If conservative management is chosen initially, it is important to note that:
- Passage of stone through the urethra is rarely painful In fact, most people will not notice it. This is because the urethra (the tube draining the bladder) has a wider calibre than ureter (the tube between each kidney and the bladder) that the stone has travelled down. Therefore if it has made it down to the bladder, it will easily flush out with the passage of urine. For this reason it is important to sift your urine, otherwise you are unlikely to be aware of the stone passing.
- Just because the pain has gone doesn’t mean the stone is no longer there. It is possible to have silent or painless obstruction from a stone that if not recognized, can lead to gradual failure of the blocked kidney. It is therefore imperative to have follow-up imaging to be absolutely sure the stone has gone if you have not noticed it pass in the urine.

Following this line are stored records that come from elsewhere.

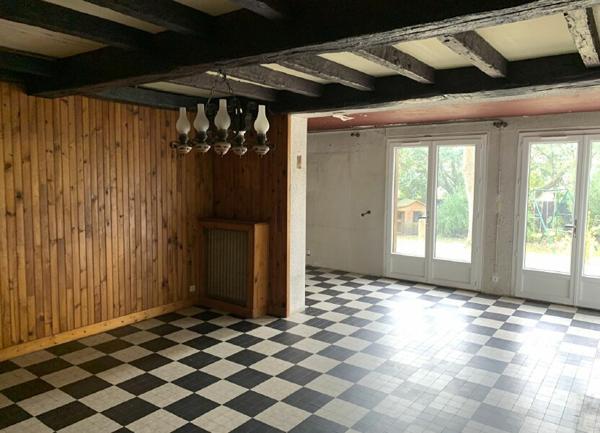 Maison à vendre    8 pièces •  Taverny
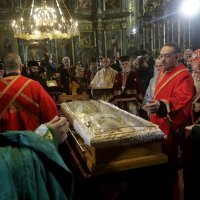 Ispraćaj patrijarha Irineja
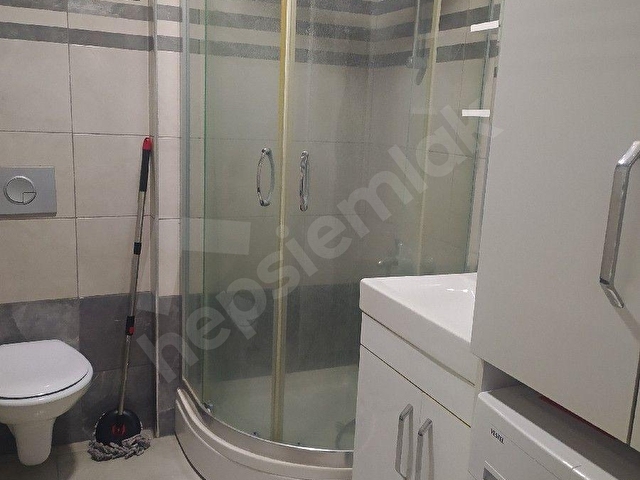 ZAFER MAHALLESİNDE  LÜKS 1+1 SATILIK DAİRE - Görsel 8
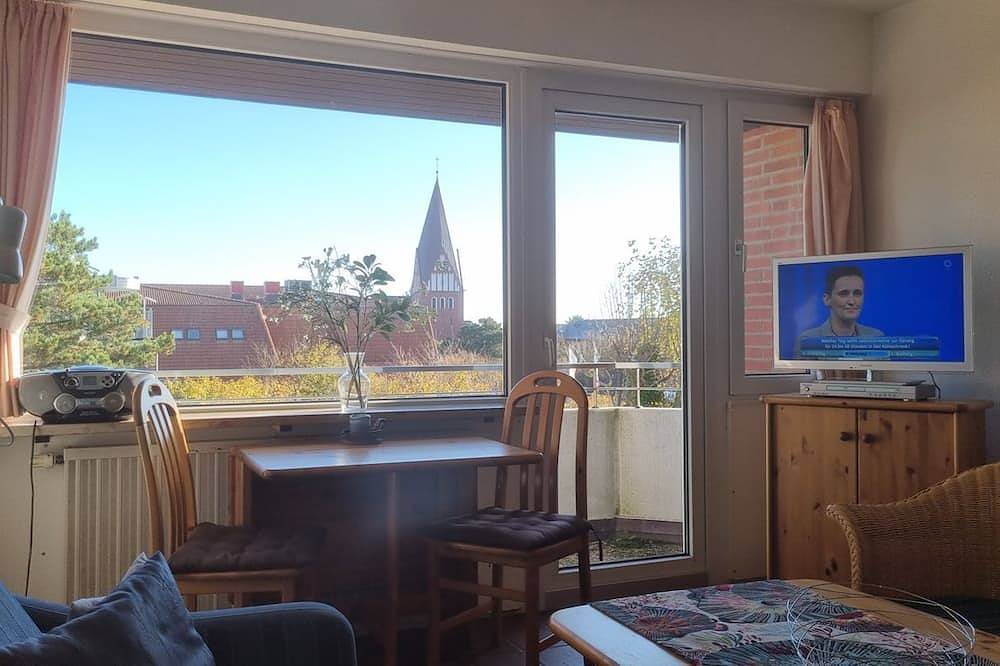 Ganze Wohnung, Haus Boysenstr. 7  App.15 - 2 1/2 Zimmer Appartement in der Boysenstr. 7 in Westerland, Sylt (Gemeinde)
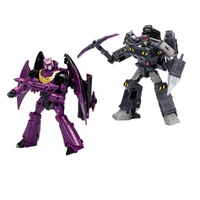 2pk Toys Legacy Evolution Miner Megatron & Senator Ratbat Rise of Tyranny 7" Action Figures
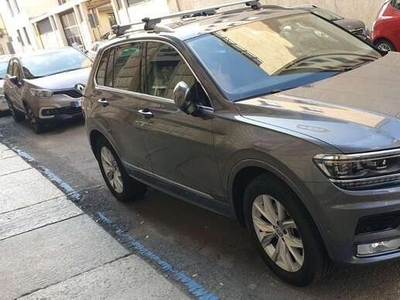 Usato 2017 VW Tiguan 2.0 Diesel 190 CV (18.000 €)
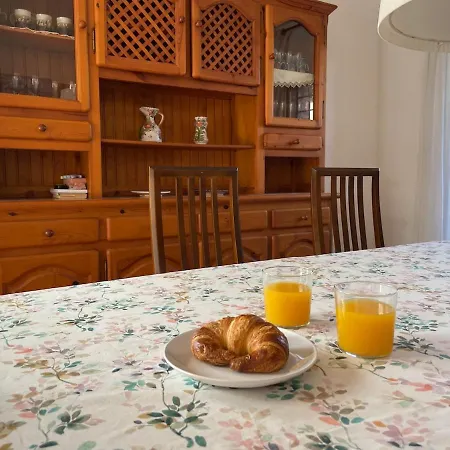 Vakantiehuis Con Barbacoa Familias *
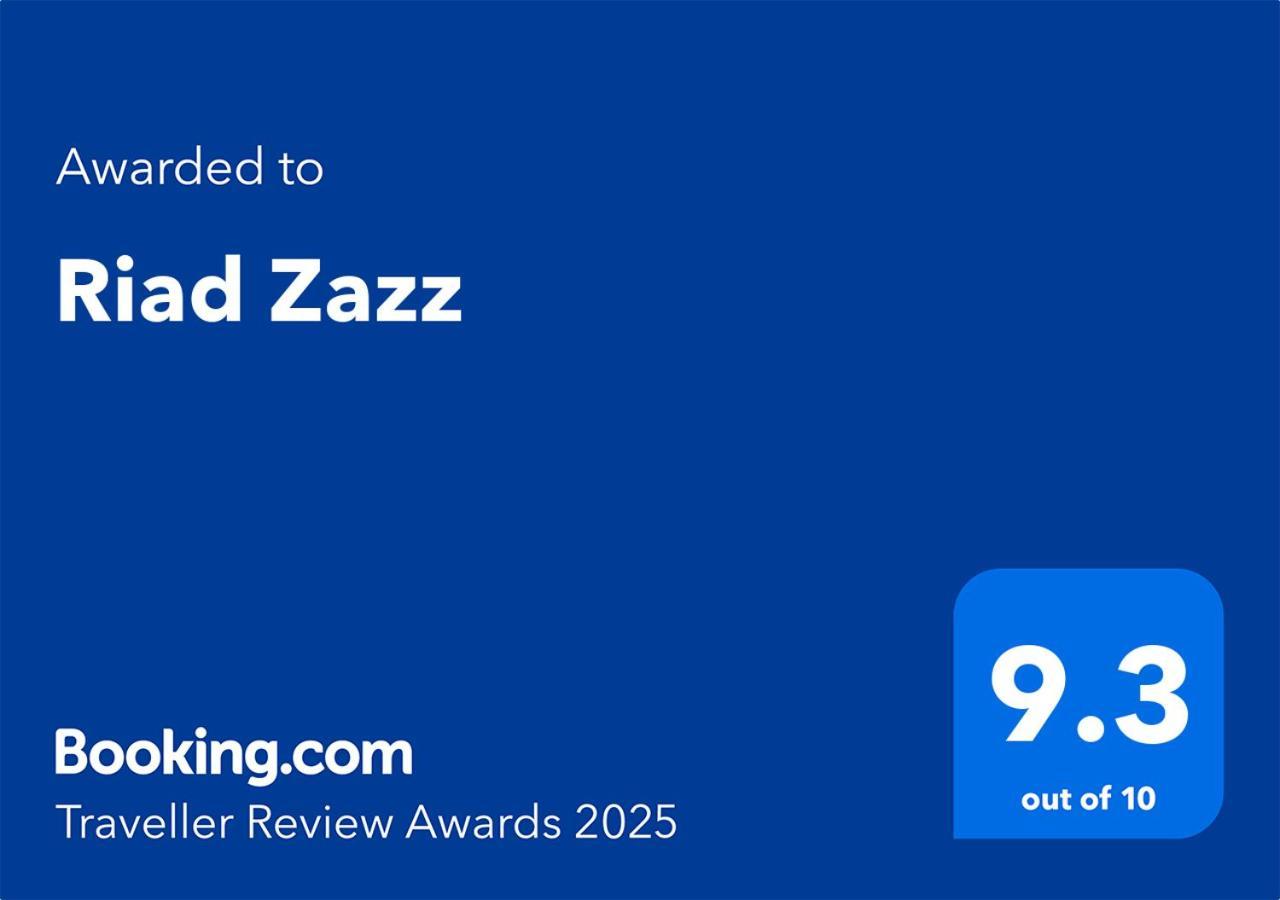 Riad Zazz Marakeş Dış mekan fotoğraf
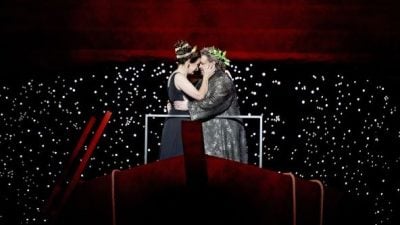 Ariadne auf Naxos an der Hamburgischen Staatoper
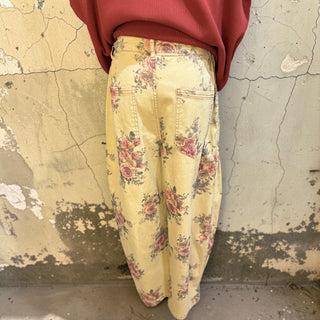 Autumn Heirloom Barrel Pants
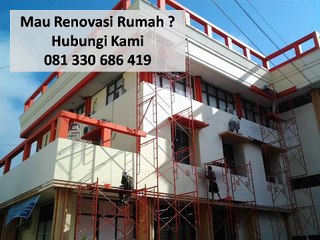 Kontraktor Rumah Minimalis Sidoarjo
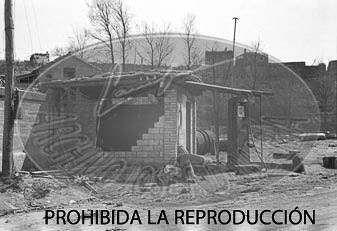 Toma de Caspe por los nacionales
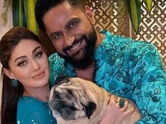 Parag Tyagi reveals how his &lsquo;son&rsquo; helped him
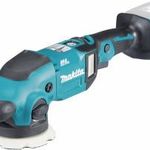 Makita DPO500Z Akkus excentrikus polírozógép 18 V 780 fordulat/perc (max) 125 mm fotó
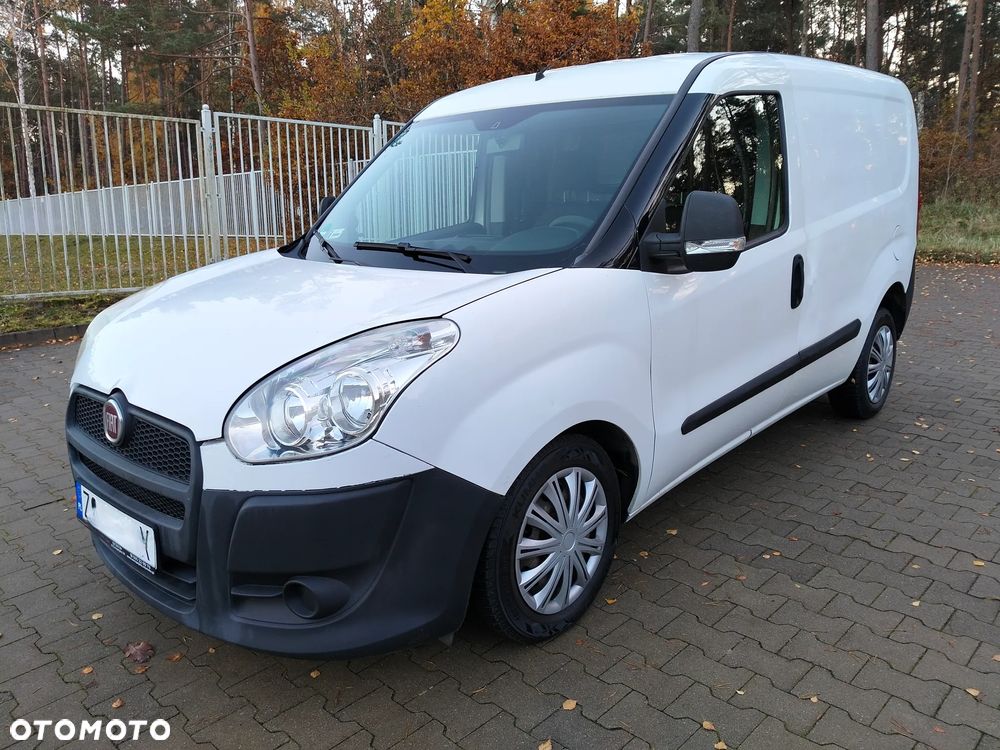 Fiat Doblo - 5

Ongoing pain, failure to pass the stone after around 2 weeks, reduced kidney function, a single kidney, or infection are reasons to abandon conservative management and intervene to remove or dissolve the stone. Once it is decided that active treatment of the stone is required, there are several options depending on the type of stone, the size of the stone, and its location.
How can I prevent future stones forming?
For patients presenting with their first urinary stone, a basic metabolic analysis should be undertaken. This consists of blood and urine tests, and analysis of the stone composition (if possible). Most patients will not have any detectable abnormality, and approximately half of these people will not form any further stones in the short term. For this reason there is no specific treatment or further investigation recommended, and the following basic advice is given to reduce the risk of stone recurrence:
- Keep adequately hydrated. Stones form in concentrated urine. Therefore it is important to ensure your fluid intake is enough to keep the urine a light straw colour –or enough to make 2-3 litres of urine/day. This must be increased in hotter weather and during physical activity. It does not seem to matter which fluid is consumed, hence juice, milk, tea or coffee are equally as effective as water.
- Maintain a balanced diet. The current recommendation is to aim for a HIGH calcium diet (which surprisingly reduces the likelihood of calcium stones). The diet should also be low in salt and low in protein.
- Increase intake of dietary fibre. There is some evidence that increasing dietary fibre can reduce absorption of stone forming chemicals. Such a dietary modification may not only reduce the risk of stone recurrence, but will also benefit general health by reducing the risk of heart disease, high blood pressure, and colon disease.
For patients with recurrent stones despite the above measures, more in-depth metabolic analyses can be undertaken, and medication regularly taken to reduce concentration of stone-forming substances in the urine.